Locking in gas prices is possible, but comes with a healthy amount of risk.
Another day, another drop in oil prices. Reuters reports Brent crude hit a near six-year low on Tuesday, and prices at the pump have been been falling at a cent-per-day pace.
Cheaper fuel is obviously amazing news for drivers. AAA estimates low gas prices will save the average American family $550 on gasoline costs this year. That’s nice and all, but what about next year? Is it possible to somehow lock in current gas prices for the long term? At MONEY, we set out to answer that very question.
The obvious move when a commodity suddenly tumbles in price is to stock up now. But with gasoline, that’s not really an option. Sure, it’s possible—Slate has a 2008 guide to doing so (they thought $3.87 a gallon was cheap!)—but experts don’t exactly see hoarding fuel as a smart way to save some coin.
“Storing gasoline is not recommended, that’s for certain,” said Michael Green, a spokesman for AAA. “Gasoline only lasts a few months before it starts breaking down. That’s not really going to work for you, and it could also have negative safety consequences.” Plus, depending on your local fire code, it’s probably illegal to store more than few gallons anyway.

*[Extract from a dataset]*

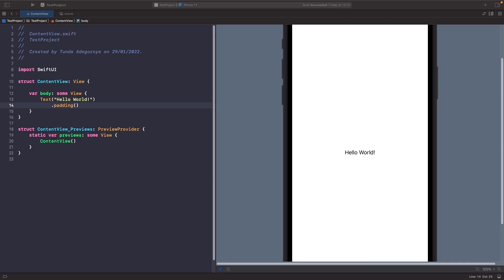Hey and welcome back to another video. In this video we're going to have a look at how we can handle opening up links in SwiftUI, so let's get straight into it.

Another option, for those not looking to explode, is to use a service that offers the ability to buy gas at current prices and then “cash in” those gallons when prices rise.
That’s the major selling point of First Fuel Bank, a family-run business operating out of St. Cloud, Minn. Customers with a prepaid “locked account”—lifetime membership costs $1—can buy gallons at a fixed price and then receive that gas any time in the future when they stop by a First Fuel Bank station.
Right now, the bank is selling a price-locked gallon of unleaded for $2.959, about a dollar above Minnesota’s market rate, but well below prices just a few months back.
Despite the premium, First Fuel Bank President Jim Feneis says consumers are rushing to stock up for the future. “We’re seeing a whole new resurgence of people locking the price,” he told MONEY.
Feneis’s company has only five locations, all in and around St. Cloud, but MyGallons.com offers the rest of country a similar service by letting consumers purchase a set amount of gallons over the internet at current prices. When prices go up, members can cash in their gallons, and have their earnings loaded onto a debit card or deposited into their bank account..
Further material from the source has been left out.